The answer consists of the lines from the line holding "RO Sports 🔰" through the last line of the entries, retyped exactly, and nothing else. No pictures belong in it.

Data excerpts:
┄┄┄┄┄┄

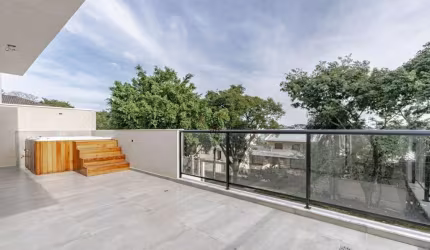 Casa em Condomínio, Jardim Social com acabamentos de primeira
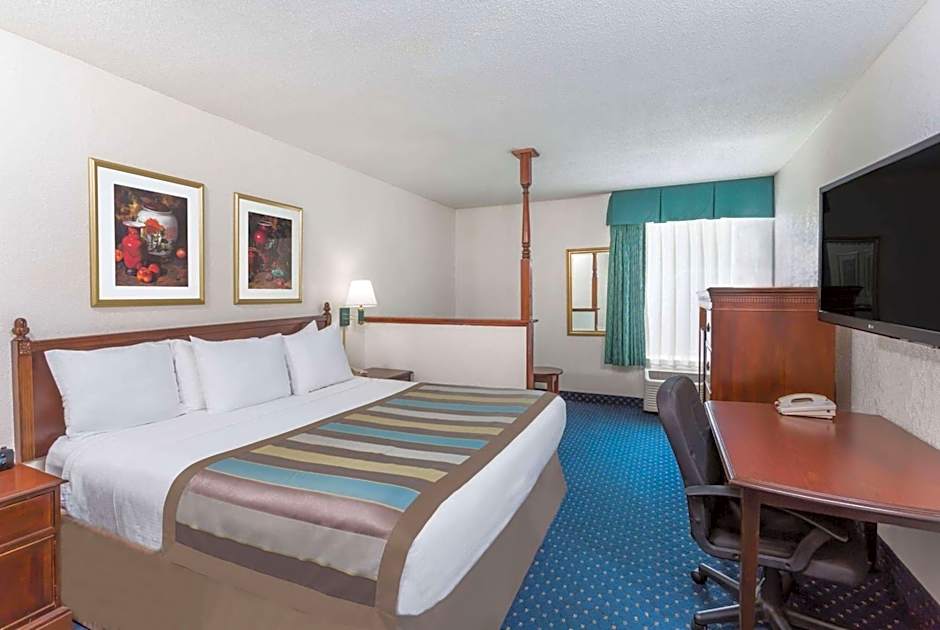 Baymont by Wyndham Greensboro/Coliseum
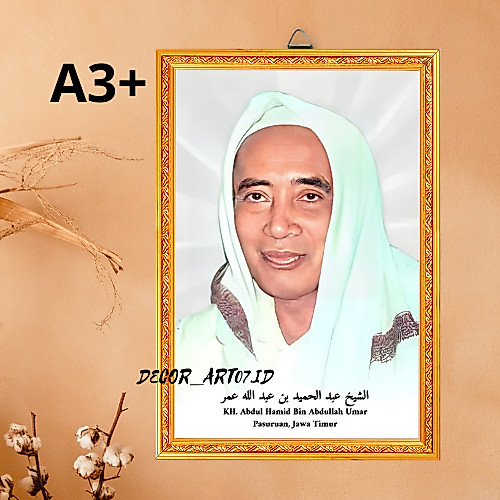 Foto Poster KH Abdul Hamid / Mbah Hamid Pasuruan Ulama Wall Decor Kayu Frame -Dekor_Art07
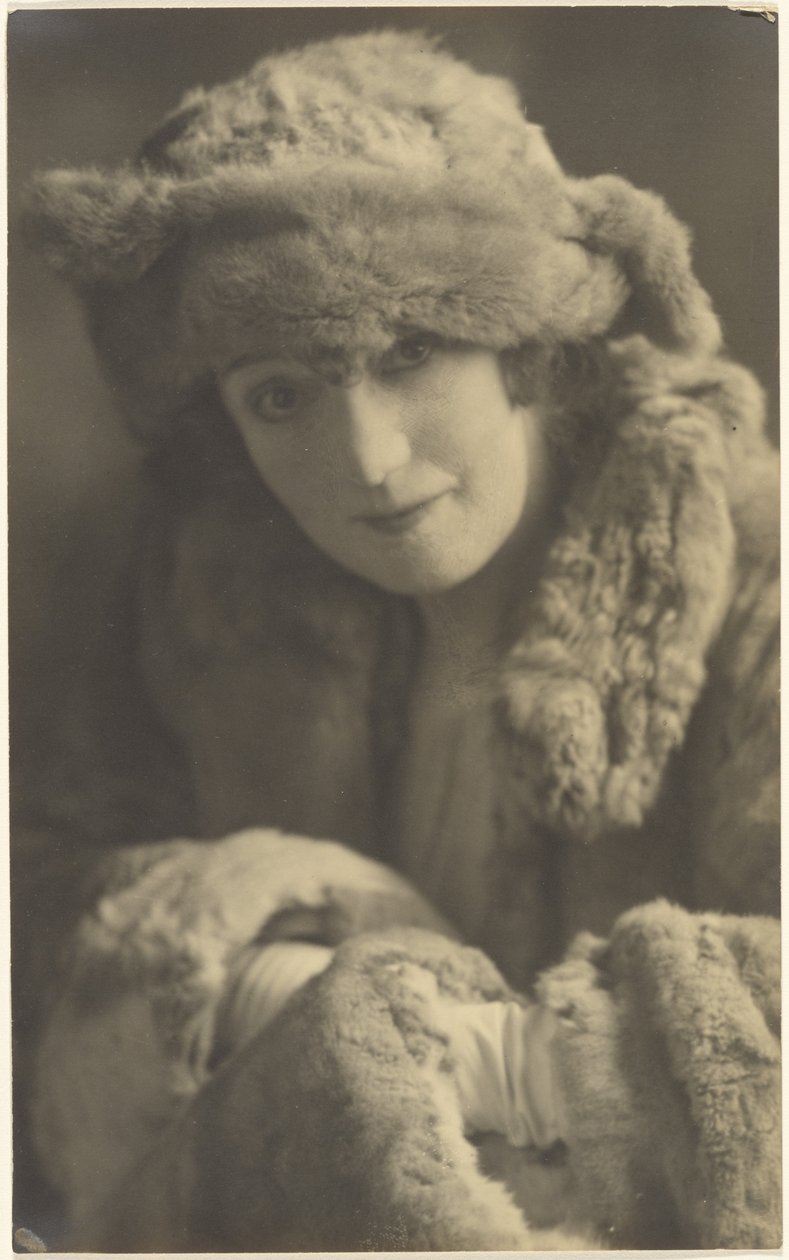 [Retrato de una mujer con pieles] de Louis Fleckenstein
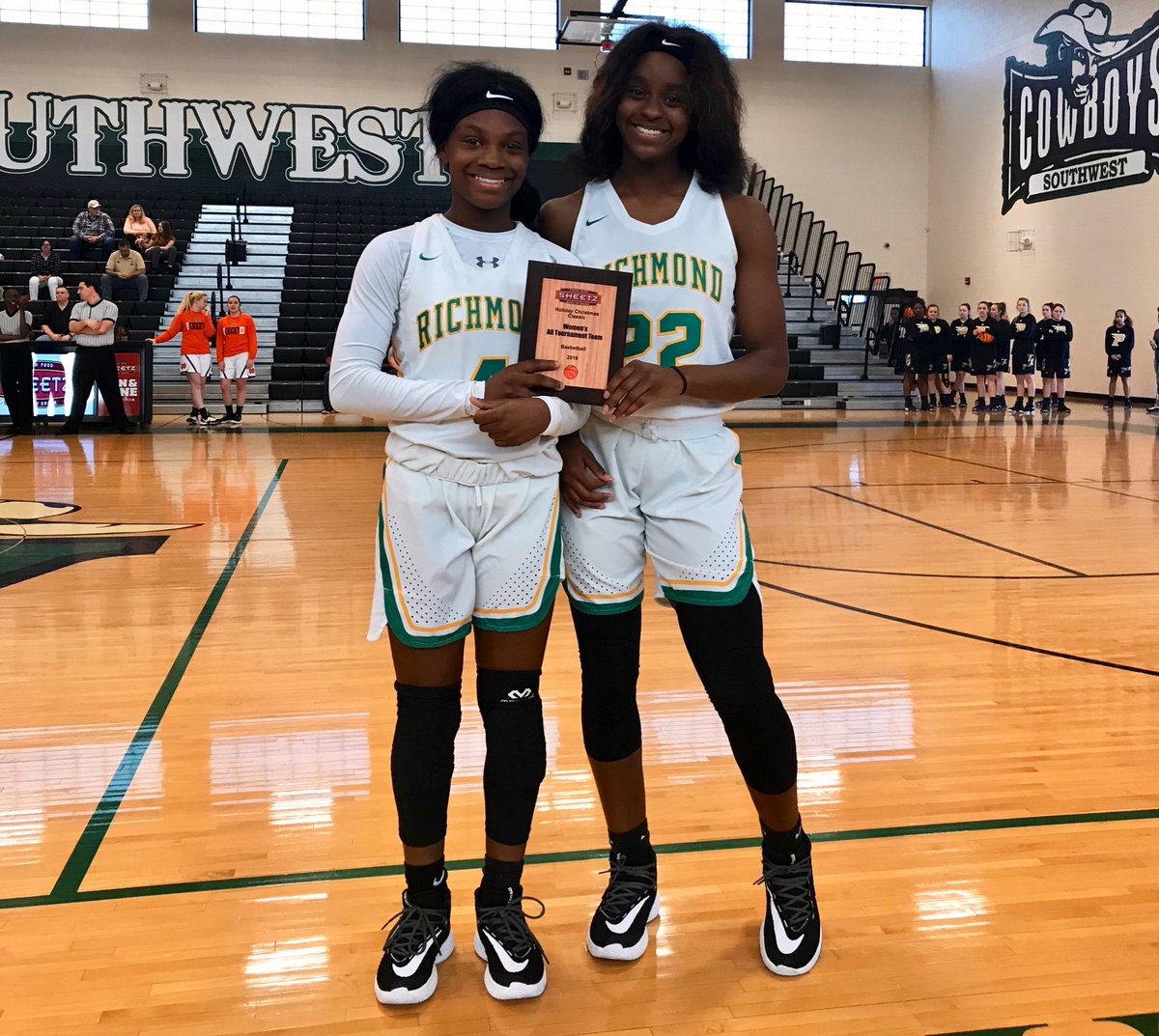 RO Sports 🔰 (@rosports_) on Twitter photo #LadyRaider🏀 — FINAL: Richmond 53, Southern Guilford 20.
<a href="/Richmond_WBB/">Richmond Varisty WBB🏀</a> (7-3) takes 5th place in the Sheetz Holiday Christmas Classic.
Jakerra Covington and Jayla McDougald were named to the All-Tournament team. #ROSports #LadyRaider🏀 — FINAL: Richmond 53, Southern Guilford 20.
<a href="/Richmond_WBB/">Richmond Varisty WBB🏀</a> (7-3) takes 5th place in the Sheetz Holiday Christmas Classic.
Jakerra Covington and Jayla McDougald were named to the All-Tournament team. #ROSports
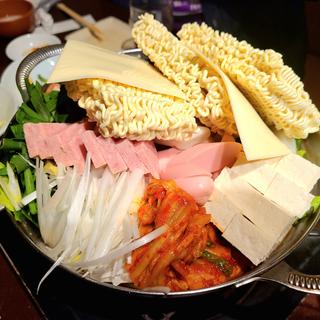 プデチゲ(韓国家庭料理と鍋 韓屋)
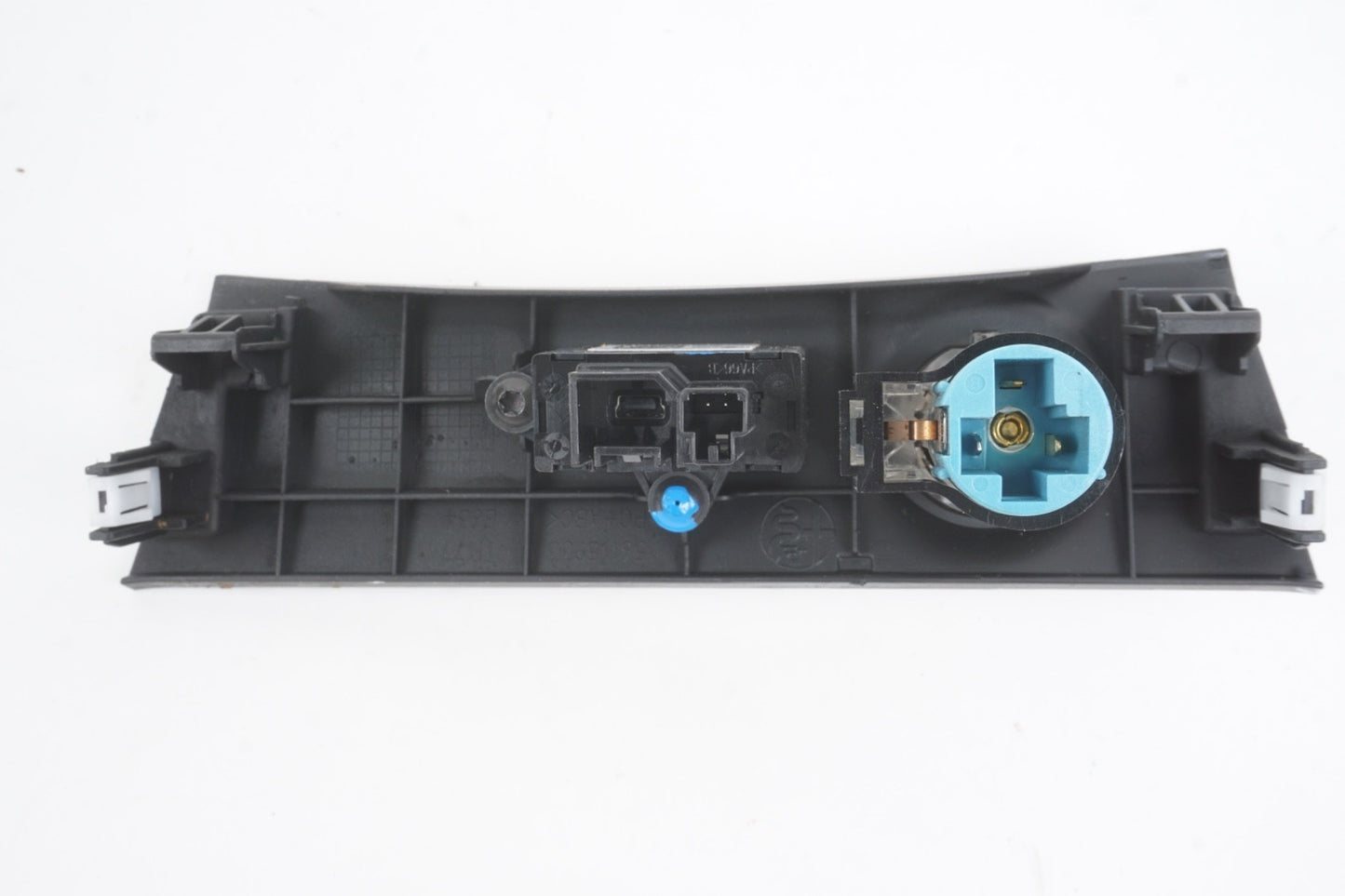 2018 - 2025 ALFA ROMEO STELVIO DASH POWER OUTLET W/ USB CHARGER MODULE PANEL OEM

┄┄┄┄┄┄

TASK OUTPUT:
 RO Sports 🔰 (@rosports_) on Twitter photo #LadyRaider🏀 — FINAL: Richmond 53, Southern Guilford 20.
<a href="/Richmond_WBB/">Richmond Varisty WBB🏀</a> (7-3) takes 5th place in the Sheetz Holiday Christmas Classic.
Jakerra Covington and Jayla McDougald were named to the All-Tournament team. #ROSports #LadyRaider🏀 — FINAL: Richmond 53, Southern Guilford 20.
<a href="/Richmond_WBB/">Richmond Varisty WBB🏀</a> (7-3) takes 5th place in the Sheetz Holiday Christmas Classic.
Jakerra Covington and Jayla McDougald were named to the All-Tournament team. #ROSports
 プデチゲ(韓国家庭料理と鍋 韓屋)
 2018 - 2025 ALFA ROMEO STELVIO DASH POWER OUTLET W/ USB CHARGER MODULE PANEL OEM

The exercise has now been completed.